●3日は日本フィル「山田和樹コンチェルト シリーズVol.1」(サントリーホール)。小山実稚恵を独奏者に招いた協奏曲を中心としたプログラム。前半にラヴェルの両手&左手のためのピアノ協奏曲、後半にサン=サーンスの交響詩「死の舞踏」とラフマニノフの「パガニーニの主題による狂詩曲」。一晩で3曲分の協奏曲という恐るべきコンチェルト密度。この企画はいいかも。普段の定期演奏会だと「協奏曲」枠って主役のような脇役のような微妙な中途半端さを感じることもあるので。

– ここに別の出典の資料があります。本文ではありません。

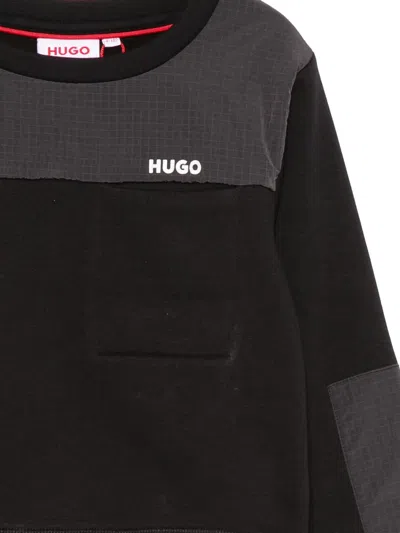Hugo Boss Panelled Long-sleeved Sweatshirt In Black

●それにしても前半でラヴェルの「両手」と「片手」が聴けてしまうなんて。小山実稚恵さんのピアノは磐石。最後のラフマニノフはすばらしい高揚感。アンコールにふたたび有名な第18変奏。アンコールはこういうのがいいすよね。
●開演前に指揮者の山田和樹さんによるプレトークあり。一人で登場して入退場のあるざわついた中でしゃべる「孤独な一人語り」方式で、開演15分前終了。途中から聞いた限りでは、今回のシリーズの企画意図や小山さんとの共演について、「死の舞踏」と「パガニーニ狂詩曲」の「怒りの日」つながりといった選曲意図について話されていた模様。
●「パガニーニ狂詩曲」の終わりのほうから、会場内に妙な持続音がずっと流れていたみたいで、アンコールを始めようとしても止まず、山田さんが会場に向いて「これ、なんでしょうね?」みたいな感じになって、ようやく止まった。鳥の鳴き声のアラーム音? ギルバート&ニューヨーク・フィルみたいにマーラー9番じゃなかったのは救い。
●Vol.2以降の内容はまだ発表されていないみたいだけど、また違ったアイディアがあるようで楽しみ。